Old Trunk Theatre Company

Genre: Drama

Venue: Assembly George Square

Festival:


Low Down

Jude and Susie are adult sisters now living together back at their parents’ house after life has thrown each of them a curve ball or two. Jude is sent to anger management counselling after she gets into a fight with an entitled mother in the creativity corner of her favourite cafe and kicks her pram down a flight of stairs (there’s no child in it, she hastens to assure us). This new script by writer Sadie Hasler is sharp and funny, full of swearing and pithy one liners, giving us a realistic portrayal of two women figuring out their lives in this modern world.

Review

Pramkicker begins with the two sisters introducing themselves to the anger management group (ie the audience) and explaining the incident that led to Jude being instructed to complete this course. Susie is apparently just along for the ride, to provide Jude with support in her own rather blunt sisterly way. Jude rants about motherhood (“You’re childless”, says Susie. “Child FREE!” Jude corrects her sharply.) Susie appears to agree with Jude at first, but as the story develops her own opinions about motherhood become more complex, adding much needed light and shade to a piece which begins as a pure diatribe against the choice to settle down and have children.
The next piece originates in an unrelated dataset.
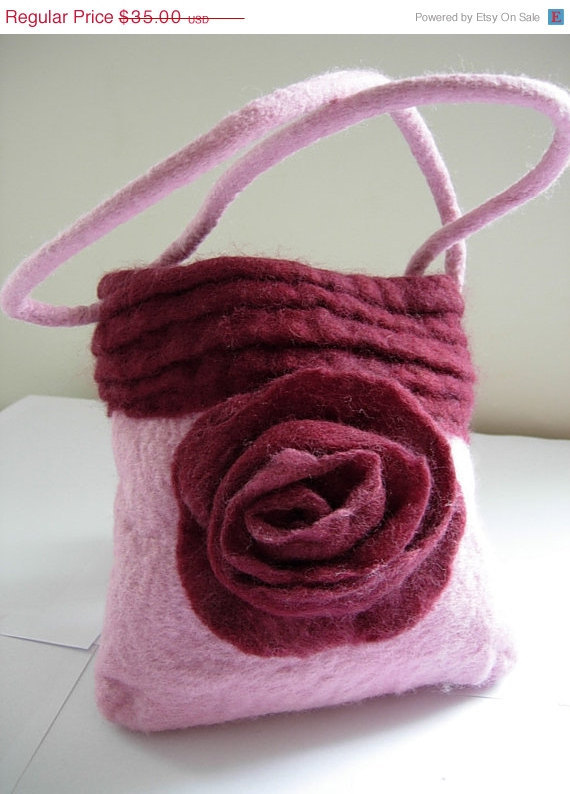 Felted Wool Handbag Pink And Burgundy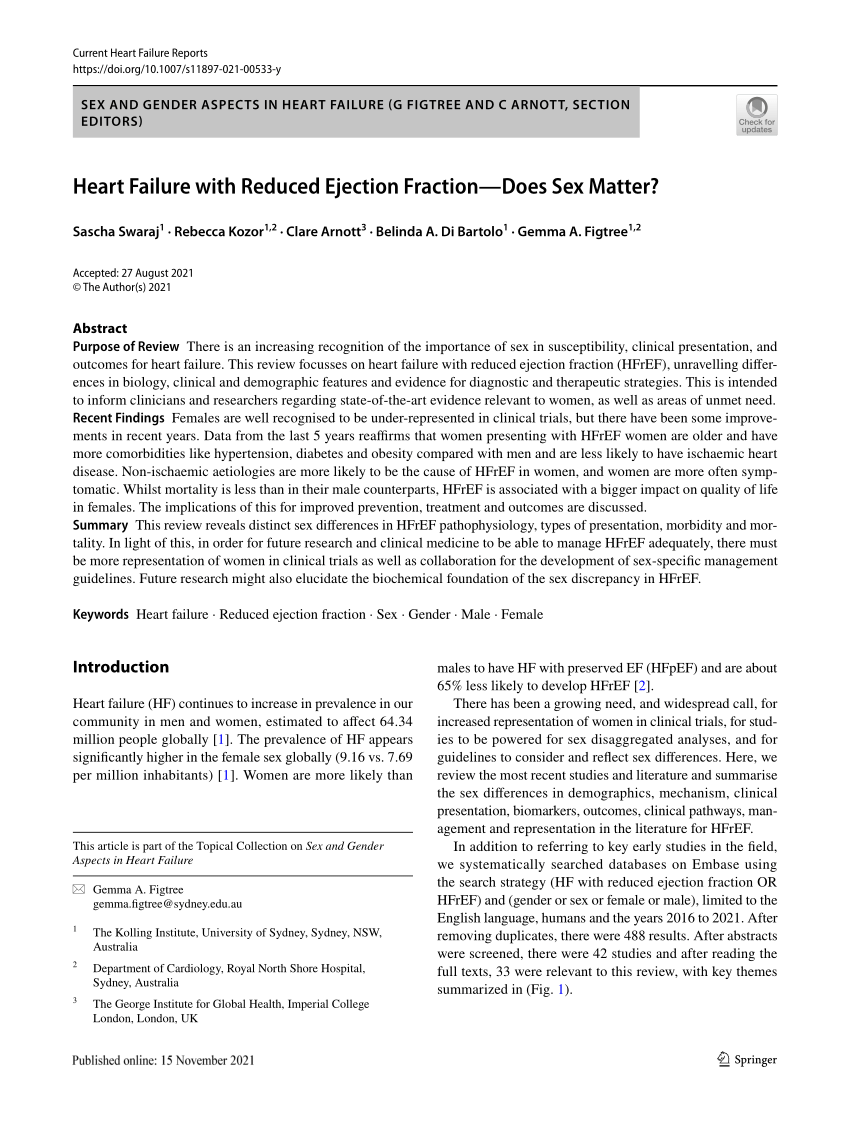 PDF) Heart Failure with Reduced Ejection Fraction—Does Sex Matter?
Sadie Hasler is a talented writer and there are a lot of laughs during the hour. Lines like “I want to mother the world. Like Oprah. Except British. And poor. And white.” lend necessary humour to a story that deals with a range of themes including relationship breakdowns, the effects of rape on a victim, drug use, abortion and the place of women who chose not to have children in today’s society. The two actresses have a lovely chemistry on stage and their portrayal of adult siblings who still bicker and reminisce about their childhood but who are also forging a new relationship as grown up best friends makes me miss  my own sisters. In particular, a dance sequence to ‘Time of Your Life’ from the film Dirty Dancing is delightful.

Hasler’s Susie functions as a support for Sarah Mayhew’s Jude throughout the first part of the play but comes into her own later on as we find out why she has moved home. She has a beautifully delivered monologue about wanting to find the right person to have a child with and being unsure whether she could be a single mother. Hasler also plays a series of other characters, caricatures of the people existing in Jude’s world, a highlight being the mother who only frequents independent cafes with her four children who have increasingly ridiculous names. Mayhew’s Jude is less likeable than Susie, and although her problem of feeling like she doesn’t matter to society because she has chosen not to be a mother is a real one which deserves consideration, her righteous anger against anyone who has made a different choice (although she claims she respects the choices made by others) makes her a more unsympathetic character than she needs to be. However as we start to learn what she has been through in her life, we can understand why she has become so bitter.

The staging is simple with two large yellow beanbags making up majority of the set. There is a lot of talking in this piece and there are a couple of points where the staging becomes a bit too static, but the majority of the time the performers’ strong physical presences are put to good use.

This is a really promising production by a talented team of women which is very much worth seeing. With a bit more work on character and further refining of the script, this could be an outstanding piece of theatre.